Because just 61 percent of health workers responded and because many other infectious agents can cause flulike symptoms, experts said the study had limitations.

An additional weakness is that epidemiologists did not take specimens from the respondents for laboratory tests to determine what proportion of the reported illness was due to the influenza virus.

Researchers find gene linked to alcoholism

ST. LOUIS - Researchers at Washington University and five other centers have identified a gene that is associated with alcoholism in some families.

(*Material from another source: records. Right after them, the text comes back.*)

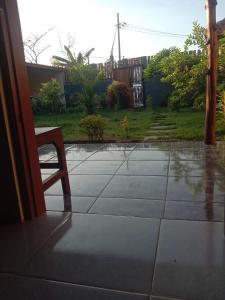 een stoel op een terras in de regen bij Sunrise Banyuwangi Homestay in Banyuwangi +1 foto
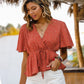 Printed Tied Flutter Sleeve Babydoll Blouse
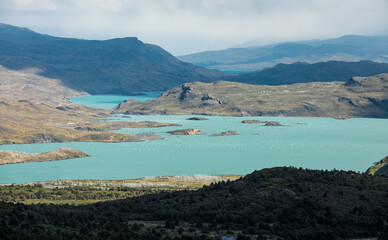 Obraz premium Plain hills and turquoise lake water of Torres del Paine National Park, Chile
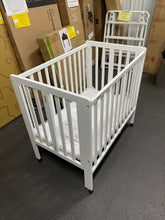Delta Children Lee Portable Folding Mini Crib with 1.5-Inch Mattress - Greenguard Gold Certified, Bianca White- new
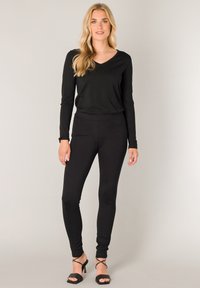 Zwarte lange mouwen V-hals top gecombineerd met zwarte strakke leggings. Beide hebben een zachte textuur. Het model draagt zwarte strapless hakken.
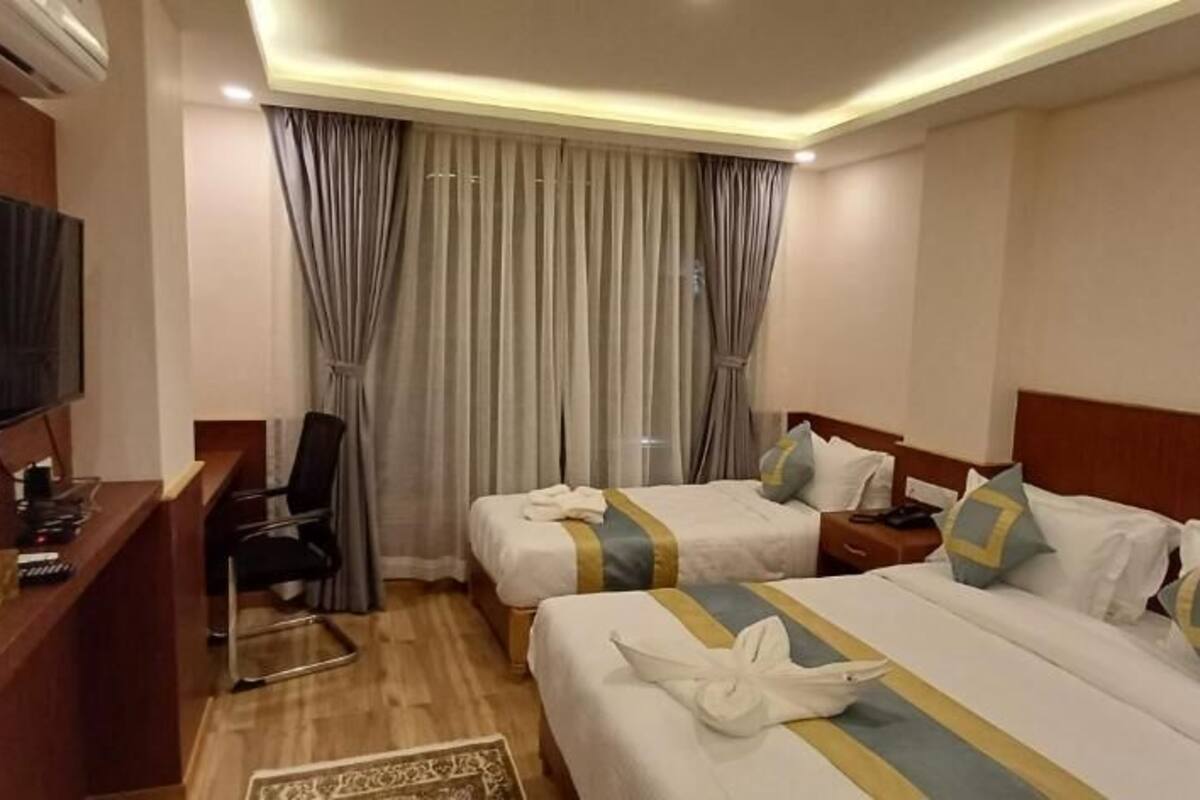 A hotel room with two beds, a desk with a television, and a window with curtains.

The scientists, including Danielle Dick and Allison Goate of Washington University, are part of a 15-year research project known as the Collaborative Study on the Genetics of Alcoholism. A report published today in the journal Alcoholism: Clinical and Experimental Research, shows that one version of the gene GABRG3 predisposes people to alcoholism. It is the first study to link the gene to dependence on alcohol.

Earlier studies of twins indicates at least a third of the susceptibility to alcoholism is because of genetic factors, said William True of St. Louis University. True conducted some of the twin studies.

The study takes previous genetic research a step further, and will direct other researchers to take a look at how this particular gene reacts to alcohol and how it influences the propensity to alcoholism, True said.

The researchers collected DNA samples from 2,282 people from 282 families affected by alcoholism and identified several regions of chromosomes that were shared between alcoholics in the families. For this study, Dick and her colleagues focused on a region of chromosome 15 that contains several genes involved in the movement of a brain chemical called Gamma-amino butyric acid, or GABA, between neurons.

In other experiments, the chemical seemed to modulate the effects alcohol has on the brain, Dick said. When scientists stimulated GABA receptors in the brains of mice and then fed them alcohol, the mice were more uncoordinated and drank more than mice who only drank alcohol. Shutting down the activity of the GABA receptors had the opposite effect.